Image to PDF Page

Theory · September 18, 2023, 11:08am

Hey there its me again, i have the case where i have images (single pages) when i do the example on the site its only scaled on a little factor of the page. also if i continue to work with those PDFs in the end they have extra content. From a images with totl of like 4MB it creates a Docment with 15MB i wonder how that should be solved.

My code for loading a image as page:

public void MergeFilesIntoPdf(GroupedFile groupedFile)
{
    string outputFolderPath = "path";
    using (var document = new PdfDocument())
    {
        var firstImagePath = groupedFile.GroupedFiles.FirstOrDefault();

        if (firstImagePath == null)
        {
            return; // No files to merge.
        }

        var firstImage = PdfImage.Load(firstImagePath);
        double pageWidth = firstImage.Width;
        double pageHeight = firstImage.Height;

        foreach (var imagePath in groupedFile.GroupedFiles)
        {
            var page = document.Pages.Add();
            var image = PdfImage.Load(imagePath);
            pageWidth = image.Width;
            pageHeight = image.Height;
            // Draw the image at the top-left corner of each page.
            page.Content.DrawImage(image, new PdfPoint(0, 0));

            // Set the page size for each page.
            page.SetMediaBox(0, 0, pageWidth, pageHeight);
        }

        string pdfFileName = $"{groupedFile.SimilarPart}.pdf";
        string pdfFilePath = Path.Combine(outputFolderPath, pdfFileName);
        document.Save(pdfFilePath);
    }
}

weirdly I had a version where the page had the correct size but then the first one didn’t and other similar things which happened.
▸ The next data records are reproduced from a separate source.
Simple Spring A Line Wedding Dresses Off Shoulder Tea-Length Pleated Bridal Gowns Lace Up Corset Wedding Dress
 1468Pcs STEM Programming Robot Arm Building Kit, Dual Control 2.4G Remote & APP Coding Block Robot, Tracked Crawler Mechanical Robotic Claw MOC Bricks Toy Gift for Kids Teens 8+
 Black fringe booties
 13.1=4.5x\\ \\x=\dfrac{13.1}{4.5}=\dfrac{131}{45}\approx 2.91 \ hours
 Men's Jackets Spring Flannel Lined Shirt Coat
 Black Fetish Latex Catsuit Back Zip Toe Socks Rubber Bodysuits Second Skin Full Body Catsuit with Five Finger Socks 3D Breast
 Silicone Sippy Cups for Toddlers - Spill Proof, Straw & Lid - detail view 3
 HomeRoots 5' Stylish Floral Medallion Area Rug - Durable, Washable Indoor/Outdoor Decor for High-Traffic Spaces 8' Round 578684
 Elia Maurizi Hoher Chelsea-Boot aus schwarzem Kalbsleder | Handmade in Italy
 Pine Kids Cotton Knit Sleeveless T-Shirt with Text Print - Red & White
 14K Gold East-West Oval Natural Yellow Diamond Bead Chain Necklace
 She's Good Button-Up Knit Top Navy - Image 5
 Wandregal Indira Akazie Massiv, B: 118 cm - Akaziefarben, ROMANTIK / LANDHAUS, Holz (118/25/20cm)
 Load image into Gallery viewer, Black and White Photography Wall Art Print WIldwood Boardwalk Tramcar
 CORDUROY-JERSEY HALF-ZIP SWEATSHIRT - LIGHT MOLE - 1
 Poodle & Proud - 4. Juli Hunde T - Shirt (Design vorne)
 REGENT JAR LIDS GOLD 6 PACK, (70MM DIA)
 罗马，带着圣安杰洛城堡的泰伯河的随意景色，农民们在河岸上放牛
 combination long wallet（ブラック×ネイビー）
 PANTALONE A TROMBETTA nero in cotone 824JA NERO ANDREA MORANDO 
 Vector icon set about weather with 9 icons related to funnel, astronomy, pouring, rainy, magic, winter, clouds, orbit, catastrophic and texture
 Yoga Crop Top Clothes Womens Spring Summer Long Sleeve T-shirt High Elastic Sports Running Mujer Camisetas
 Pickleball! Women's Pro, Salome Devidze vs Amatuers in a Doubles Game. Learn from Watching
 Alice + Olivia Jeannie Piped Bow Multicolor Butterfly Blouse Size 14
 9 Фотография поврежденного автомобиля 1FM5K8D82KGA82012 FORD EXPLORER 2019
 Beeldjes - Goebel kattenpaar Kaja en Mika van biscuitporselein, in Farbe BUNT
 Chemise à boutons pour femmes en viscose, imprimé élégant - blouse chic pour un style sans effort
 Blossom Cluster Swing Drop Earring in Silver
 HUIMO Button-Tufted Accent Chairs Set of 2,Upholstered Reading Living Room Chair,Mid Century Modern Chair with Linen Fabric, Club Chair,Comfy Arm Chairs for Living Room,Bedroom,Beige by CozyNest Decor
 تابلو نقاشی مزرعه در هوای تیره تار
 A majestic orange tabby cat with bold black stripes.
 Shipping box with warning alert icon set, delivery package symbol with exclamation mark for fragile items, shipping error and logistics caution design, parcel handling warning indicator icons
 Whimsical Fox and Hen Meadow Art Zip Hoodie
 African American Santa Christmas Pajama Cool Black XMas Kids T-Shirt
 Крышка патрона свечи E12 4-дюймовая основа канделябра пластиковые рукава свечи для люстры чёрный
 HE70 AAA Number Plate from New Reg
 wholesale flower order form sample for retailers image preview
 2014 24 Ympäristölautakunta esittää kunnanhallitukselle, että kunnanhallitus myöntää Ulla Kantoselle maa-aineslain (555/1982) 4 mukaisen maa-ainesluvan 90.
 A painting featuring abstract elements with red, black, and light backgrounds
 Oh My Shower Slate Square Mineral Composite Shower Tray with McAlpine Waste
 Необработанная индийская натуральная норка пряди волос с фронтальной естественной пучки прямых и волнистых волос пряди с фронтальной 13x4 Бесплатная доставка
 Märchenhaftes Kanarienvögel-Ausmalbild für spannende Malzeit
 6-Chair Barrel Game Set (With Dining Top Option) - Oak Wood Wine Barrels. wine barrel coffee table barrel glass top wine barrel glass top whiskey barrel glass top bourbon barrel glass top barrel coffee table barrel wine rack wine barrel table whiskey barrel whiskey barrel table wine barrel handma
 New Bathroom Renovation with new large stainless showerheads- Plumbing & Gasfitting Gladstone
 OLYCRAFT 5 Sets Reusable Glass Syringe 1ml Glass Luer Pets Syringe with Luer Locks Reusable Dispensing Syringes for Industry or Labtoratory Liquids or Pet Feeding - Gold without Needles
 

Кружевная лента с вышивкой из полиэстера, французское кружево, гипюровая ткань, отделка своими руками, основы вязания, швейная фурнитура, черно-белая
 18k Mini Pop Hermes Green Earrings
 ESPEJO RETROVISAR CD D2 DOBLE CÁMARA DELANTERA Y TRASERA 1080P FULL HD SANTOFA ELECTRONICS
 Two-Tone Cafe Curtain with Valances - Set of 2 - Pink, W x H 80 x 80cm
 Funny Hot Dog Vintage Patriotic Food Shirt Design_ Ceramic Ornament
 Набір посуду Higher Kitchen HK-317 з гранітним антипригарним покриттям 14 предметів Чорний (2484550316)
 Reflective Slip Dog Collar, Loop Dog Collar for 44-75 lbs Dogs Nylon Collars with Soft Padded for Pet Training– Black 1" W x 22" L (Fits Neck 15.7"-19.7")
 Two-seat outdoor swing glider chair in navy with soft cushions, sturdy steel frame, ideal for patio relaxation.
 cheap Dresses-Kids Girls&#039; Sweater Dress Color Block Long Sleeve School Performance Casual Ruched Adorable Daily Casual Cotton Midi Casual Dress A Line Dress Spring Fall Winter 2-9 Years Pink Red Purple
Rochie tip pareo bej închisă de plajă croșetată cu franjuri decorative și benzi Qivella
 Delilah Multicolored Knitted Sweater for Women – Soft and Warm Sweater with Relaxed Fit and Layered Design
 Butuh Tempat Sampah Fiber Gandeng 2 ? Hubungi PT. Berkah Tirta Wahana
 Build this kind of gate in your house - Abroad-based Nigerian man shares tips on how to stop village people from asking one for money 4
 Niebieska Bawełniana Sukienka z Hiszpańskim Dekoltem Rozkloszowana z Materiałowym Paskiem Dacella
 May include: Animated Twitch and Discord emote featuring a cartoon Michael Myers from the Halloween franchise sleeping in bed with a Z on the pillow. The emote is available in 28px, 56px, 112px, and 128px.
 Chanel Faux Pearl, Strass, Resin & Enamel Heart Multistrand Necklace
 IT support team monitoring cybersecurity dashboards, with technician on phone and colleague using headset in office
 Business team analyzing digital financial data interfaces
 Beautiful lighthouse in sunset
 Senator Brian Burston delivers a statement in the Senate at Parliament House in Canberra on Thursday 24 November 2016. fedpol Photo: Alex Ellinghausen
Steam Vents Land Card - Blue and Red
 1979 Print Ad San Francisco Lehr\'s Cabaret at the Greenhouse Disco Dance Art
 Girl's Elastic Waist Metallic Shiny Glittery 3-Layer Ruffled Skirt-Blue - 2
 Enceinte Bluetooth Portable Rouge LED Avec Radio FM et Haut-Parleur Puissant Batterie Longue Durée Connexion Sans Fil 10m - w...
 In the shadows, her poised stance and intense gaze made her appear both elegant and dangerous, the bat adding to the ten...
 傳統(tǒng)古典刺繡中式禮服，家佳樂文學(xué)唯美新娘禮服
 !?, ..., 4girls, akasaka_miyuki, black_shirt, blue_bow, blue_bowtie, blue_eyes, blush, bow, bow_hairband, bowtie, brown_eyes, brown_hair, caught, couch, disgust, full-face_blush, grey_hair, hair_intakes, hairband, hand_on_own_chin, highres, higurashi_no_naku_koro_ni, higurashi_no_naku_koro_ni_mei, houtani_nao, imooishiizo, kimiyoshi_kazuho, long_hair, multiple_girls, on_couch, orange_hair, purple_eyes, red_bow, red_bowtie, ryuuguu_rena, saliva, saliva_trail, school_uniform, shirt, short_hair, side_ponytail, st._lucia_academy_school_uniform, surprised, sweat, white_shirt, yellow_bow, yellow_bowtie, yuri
Would you mind telling me:

how to properly load the image as a “page” so that its right from a filesize, page/image correct scaling and if correct scaling not an empty first page,
what properties can i give there to reduce filesize an after doing OCR etc. its not trippling in filesize (pdfs don’t, its only the image-pages who do that).
Also your example on Images to PDF is only for one Page but my TIFF file has all pages in one file, since i haven’t tested it yet, can i just load it like with jpg or can i directly convert it to a pdf?

i thought pdf documents might get initialized with a empty page but it didn’t. Then again sometimes i get a empty pdf for the first page, this is rather confusing.

mario.gembox · September 19, 2023, 7:20am

Hi,

Apologize, but I’m not 100% sure that I understood what you’re asking here.

Are you saying that previously the PdfImage.Load resulted in a different image size when loading the same “imagePath” file?

Your code looks fine, that is how you would load an into a PDF page.

Unfortunately, GemBox.Pdf currently doesn’t have an API for compressing PDF (reducing PDF size). We do plan to provide this in the future, but at the moment I cannot say exactly when that will be.

You’ll need to load each TIFF frame separately. So, you could convert each TIFF frame to PNG using something like this:
https://stackoverflow.com/questions/3566650/convert-multipage-tiff-to-png-net
Then use the PdfImage.Load method to import those resulting PNG images.

Yes, the PdfDocument is initialized with an empty PdfDocument.Pages collection, it has no pages.
Regarding the empty first page, I was unable to reproduce this issue.
I would need a small Visual Studio project from you that reproduces this issue so that I can investigate it.

Regards,
Mario

Theory · September 20, 2023, 6:53am

Regarding the image size it seems setting the media Box to the picture size isn’t working as intended if i delete it, it works. Aside from that i also was unable to reproduce the issue with the empty page ( with the same code - don’t ask me why it happned). Also i have a file which always gives me an OCR error (outside of boxrange or smth) i can share the file with you, i tried convertig it to diffrent formats after splitting the TIFF file but it seems the empty page isn’t smth OCR likes so much. It would be nice if you could test with that pdf file. Just let me know how you want me to share that file.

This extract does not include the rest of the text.